Dom Bernardo Bonowitz, OCSO

Páscoa começa com uma experiência. Quando Jesus A ressuscitado foi ao encontro de seus discípulos no dia da Páscoa, eles não refletiam sobre o significado da sua ressurreição. Muito menos teologizavam. Eles tinham passado por uma semana de glórias, amores, infidelidades, horrores e luto. Estavam muito cansados. Estavam mal começando a absorver o choque da morte do mestre com o qual tinham convivido nos últimos três anos e a destruição de todas as suas esperanças. Quando Ele apareceu – vivo – no meio deles, eles só podiam experimentar. Mais tarde, caberia a Paulo e João tratar do sentido da ressurreição. Por enquanto, eles ficavam com a simples realidade.

Conosco não é muito diferente. Desde o Domingo de Ramos, a Igreja em sua liturgia nos tem conduzido pela traição, agonia, paixão, morte e sepultura. Como poderíamos dar uma reviravolta tão rápida e formular para nós mesmos uma abordagem teológica da ressurreição?

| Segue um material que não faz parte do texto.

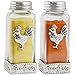 Rooster Salt and Pepper Shakers Gift Set - 2 Pieces | Glass Body & Stainless Steel Screw Off Cap & Base - Decorative Metal Base Unique Design | kitchen & Dining Decor (Rooster)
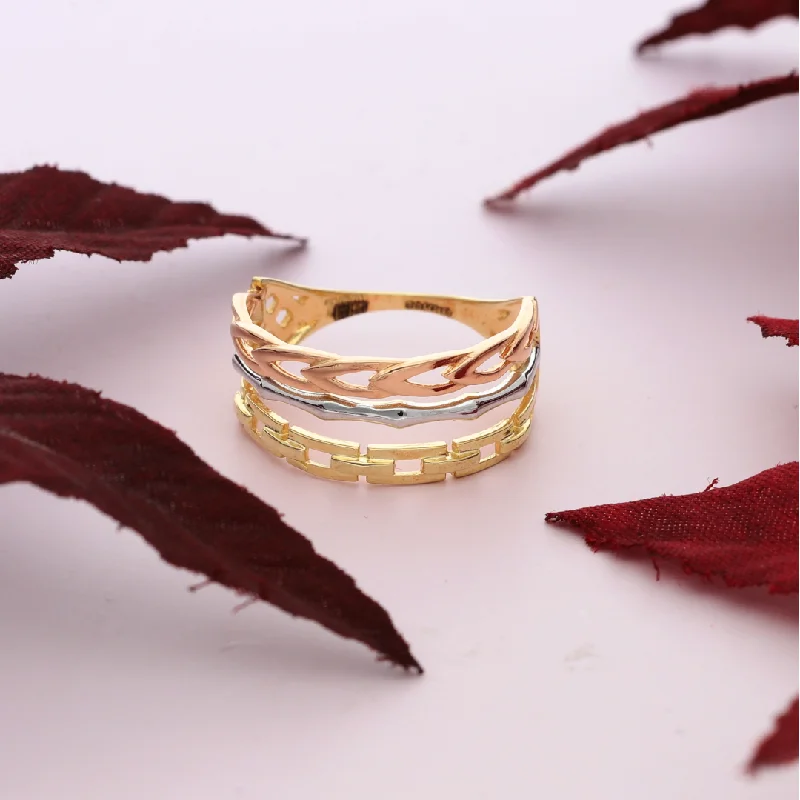 Adjustable Ring for Casual Style-Gold Mixed Style Ring 18KT - FKJRN18K9239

Assim como os discípulos, só podemos ficar com os fatos, abrir-nos à experiência.

O que os discípulos experimentaram, e nós com eles?

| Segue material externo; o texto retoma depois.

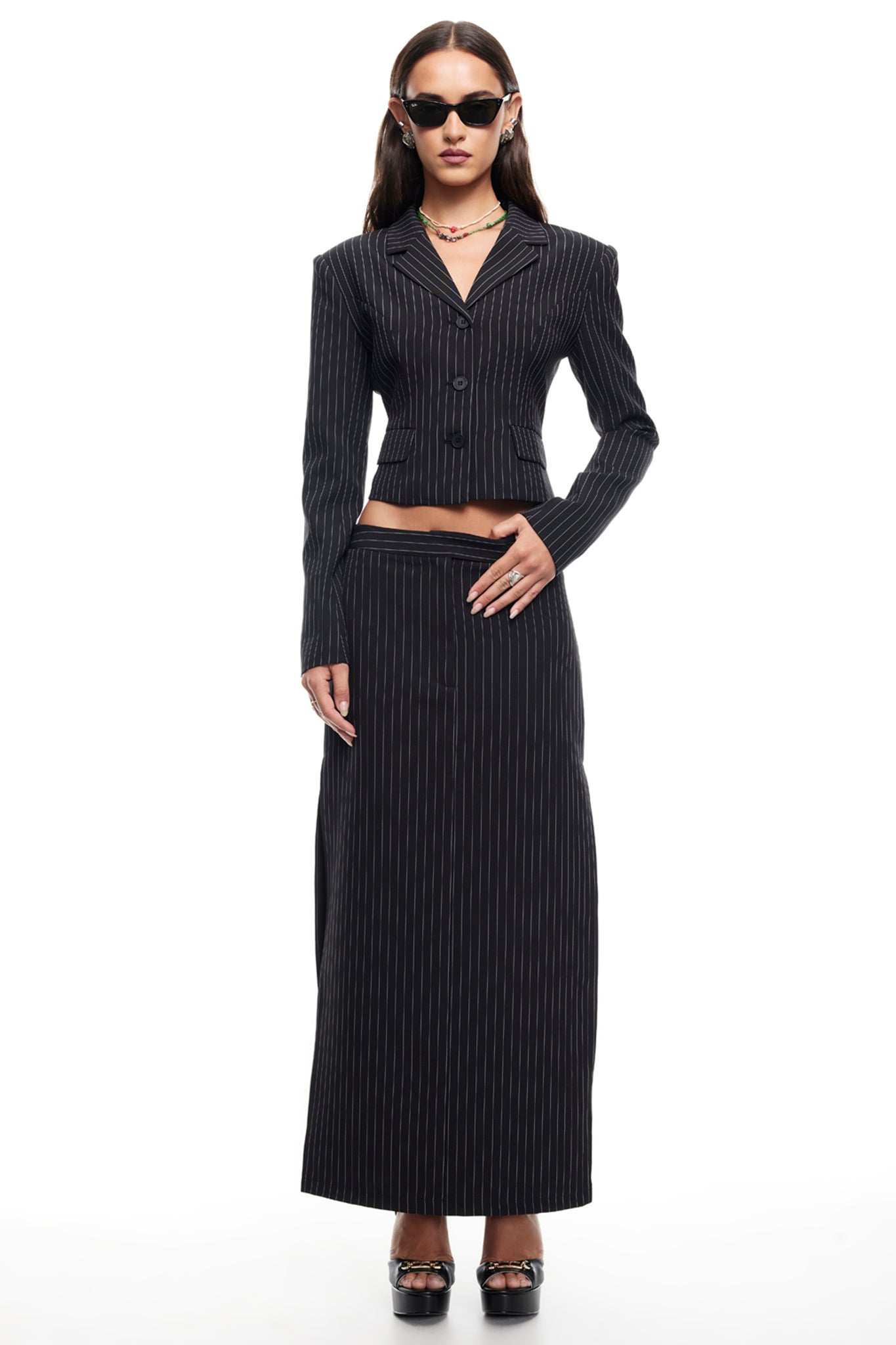 LIONESS Lune Maxi Skirt Onyx Pinstripe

Primeiro, que Jesus estava vivo. Apesar das predições do Senhor, os discípulos nunca tinham compreendido que Ele iria morrer e não tinham a mínima capacidade de compreender o que Ele queria dizer com as palavras “ressuscitar dos mortos”. Os Evangelhos dizem isto com toda clareza Depois da transfiguração, Ele os avisa para não falar sobre o acontecido antes de Ele ressuscitar dos mortos. Tudo bem, eles respondem, mas entre si perguntam: “Alguém aqui sabe o que é a ressurreição dos mortos?”. Mas agora Ele estava vivo. A alegria e o medo tomaram posse deles. Alegria por Ele – Ele não foi engolido pela morte; aquela grande baleia o tinha devolvido à terra dos vivos. Alegria por si mesmos, porque, apesar de sua mesquinhez e seu lema “sobrevivência pessoal acima de tudo”, eles o amavam. Era uma alegria enorme para eles vê-lo. Uma alegria que fez com que as lágrimas corressem. Mas também dava medo, porque tal alegria não cabia neste mundo.

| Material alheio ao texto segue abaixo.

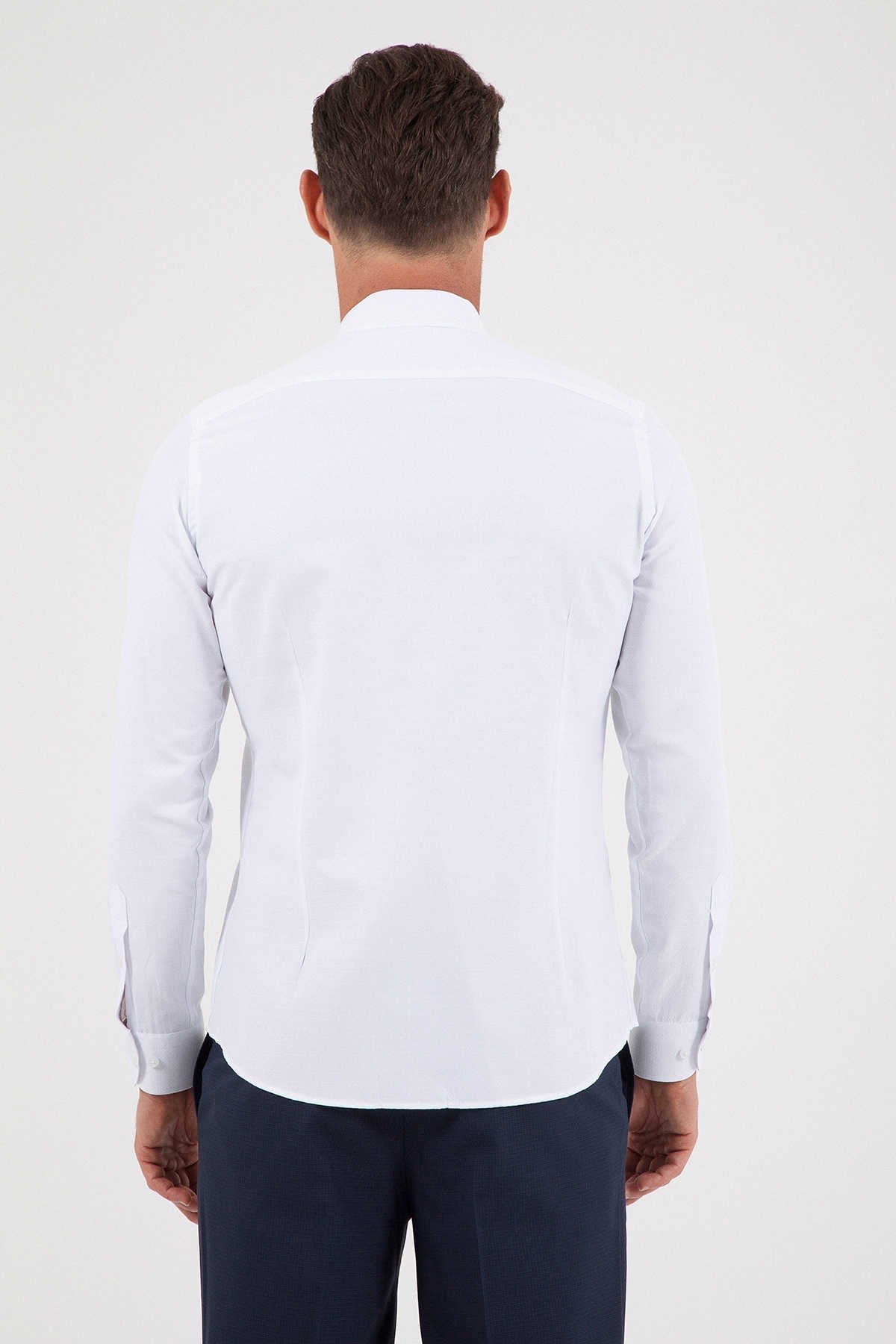 Slim Fit Cotton Blend White Dress Shirt - SAYKI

Segundo, que Ele era diferente. Antes Ele já era grande; agora era majestoso. Ainda chagado, transmitia uma paz, uma segurança, uma maestria, uma realeza que eram mais do que humanas, mais do que temporais. Ele falava e agia com o sotaque da eternidade. Por seus gestos e seu olhar, dava a impressão de que tinha viajado longe, tinha sido coroado e agora tinha voltado a reinar. Toda aquela conversa zombeteira dos últimos dias sobre o “rei dos judeus” agora parecia ter fundamento, não era irônica, mas real.

Terceiro, Ele lhes dizia Shalom. “A paz esteja convosco”. Agora, a gente não diz Shalom para qualquer um. Shalom é reservado para os amigos, os irmãos, as pessoas do seu coração, os fiéis, os leais. Os discípulos se lembravam (não conseguiam esquecer) de sua fuga, de sua negação, da baixeza de sua covardia. Quando Ele precisava deles, a única vez em que Ele realmente precisava deles, eles tinham sumido. Cada um sentia algo da culpa de Judas pesar sobre si, e com razão. Com certeza Ele tinha percebido a sua ausência, a tinha sentido, a tinha chorado. Mas em vez de fazer repreensões, Ele tinha absorvido e perdoado a sua vil pobreza. A paz esteja convosco. Imagine!

Ele só se manifestava a eles enquanto estavam reunidos. Seja na Galileia, seja no caminho para Emaús, seja no cenáculo, seja onde for, Ele não os surpreendia um por um. Ele cumpria a sua própria profecia: “Onde dois ou três estiverem reunidos, eu estarei – de repente no meio deles” (Mt 18, 20). Os discípulos percebiam que Ele queria que permanecessem juntos, que Ele aparecia vez após outra para ser o centro radiante de seu grupo permanente. Sem palavras Ele claramente indicava que eles deviam continuar unidos, que eles compunham um organismo vital, uma comunidade, que iria continuar a girar em torno dele, o sol diante do qual eles se devem se inclinar, como os irmãos do patriarca José no seu sonho.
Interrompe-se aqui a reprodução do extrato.